In Drive, Nicolas Winding Refn (Pusher trilogy), directs Ryan Gosling, The Driver, in a gritty, brutally violent crime drama set in L.A. The Driver works as a mechanic and a Hollywood stuntman, moonlighting as a getaway driver for local crooks. He becomes enamored with a woman, Irene (Carey Mulligan), who lives down the hall in his apartment complex, and befriends her and her child. When Irene's husband is released from jail, The Driver takes on a getaway job for him to help him erase a debt. The job goes awry, and the rest of the film depicts the gruesome lengths The Driver takes to ensure Irene and her child stay safe.
There were a lot of aspects of this film that were done right. Most prevalent, the cinematography was stunning and stylish. From the way the driving sequences were shot, to the depiction of graphic violence, everything just looked gorgeously slick. Two scenes in particular stand out to me. First, when The Driver goes to a strip club to find one of the men involved in crossing him, the viciousness of the revenge The Driver takes will be etched into my memory for some time. The way the scene was brightly lit, with the beautiful, naked women in the background (who acted like nothing was going on), made the shot appear to be taken from a dream sequence. The other stand out sequence in this film is when The Driver, Irene, and a hit man wind up in an elevator together. The Driver grabs Irene, passionately kisses her, and then proceeds to literally stomp in the face of the hit man. The contrast of love and rage, and the way The Driver and Irene look at each other after the event is over, make for a visceral piece of film making. The scene I just described is probably my favorite of the year. Refn is clearly incredibly talented behind the camera.
As for the acting, the whole cast was solid, with Gosling being exceptional, as we are all growing to expect from him. Considering the film lacks extensive dialogue, Gosling had to actually act, not just speak, and he pulled it off convincingly. Carey Mulligan was solid as Irene, the "single/not-single/single again" mother that The Driver befriends. The supporting cast of characters were great, especially the two main villains, played by Ron Perlman and Albert Brooks...especially Albert Brooks, great supporting performance.
And for what I didn't like. I thought the script was lacking. I get that the whole mystery behind The Driver enhances his "lone wolf" persona, but I found myself wanting to know his history and his motives. Hell, you don't even get the dude's name. Yeah, I didn't want to see him fail, but I didn't particularly care for what happened to him either. The only character I cared about at all in this film was Irene's kid. Actually, I also felt pretty bad for Irene's husband. He's not in the movie long, but the scene where he got gunned down was one of the few when I felt any kind of emotion toward a character. Overall, I just wasn't really that invested.

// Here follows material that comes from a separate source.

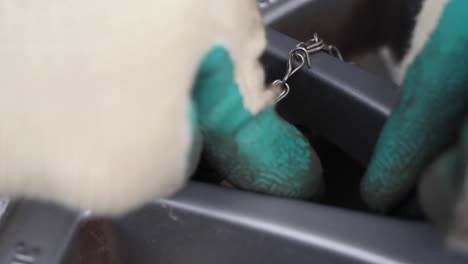 Macro-shot-hands-with-gloves-pressing-a-air-gauge-on-a-valve-of-summer-tire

All that said, this gritty film currently sits fourth in my running list of the best movies of 2011, behind The Beginners, 50/50, and Midnight in Paris. It's certainly not a film for everyone. A lot of people will be turned away by the violence, and the general "Euro" feel to the movie (the director is Danish). As this one stews in my brain, I find myself overlooking it's flaws more and more, so I wouldn't be surprised if it creeps up my list a bit before the year ends. If you like Tarantino or Cronenberg's ventures into the crime genre, definitely check this out.